> What the exercise asks
Set down, in full, every record in the block.

[Source records]

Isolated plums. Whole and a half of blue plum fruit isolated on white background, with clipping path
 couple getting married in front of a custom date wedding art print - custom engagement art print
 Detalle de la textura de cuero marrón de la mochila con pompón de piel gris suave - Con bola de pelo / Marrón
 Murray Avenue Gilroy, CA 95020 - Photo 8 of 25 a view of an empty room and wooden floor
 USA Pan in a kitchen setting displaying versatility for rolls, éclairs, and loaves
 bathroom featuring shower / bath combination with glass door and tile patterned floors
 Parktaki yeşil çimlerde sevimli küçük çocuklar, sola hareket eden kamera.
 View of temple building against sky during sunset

> Solution for this problem
Isolated plums. Whole and a half of blue plum fruit isolated on white background, with clipping path
 couple getting married in front of a custom date wedding art print - custom engagement art print
 Detalle de la textura de cuero marrón de la mochila con pompón de piel gris suave - Con bola de pelo / Marrón
 Murray Avenue Gilroy, CA 95020 - Photo 8 of 25 a view of an empty room and wooden floor
 USA Pan in a kitchen setting displaying versatility for rolls, éclairs, and loaves
 bathroom featuring shower / bath combination with glass door and tile patterned floors
 Parktaki yeşil çimlerde sevimli küçük çocuklar, sola hareket eden kamera.
 View of temple building against sky during sunset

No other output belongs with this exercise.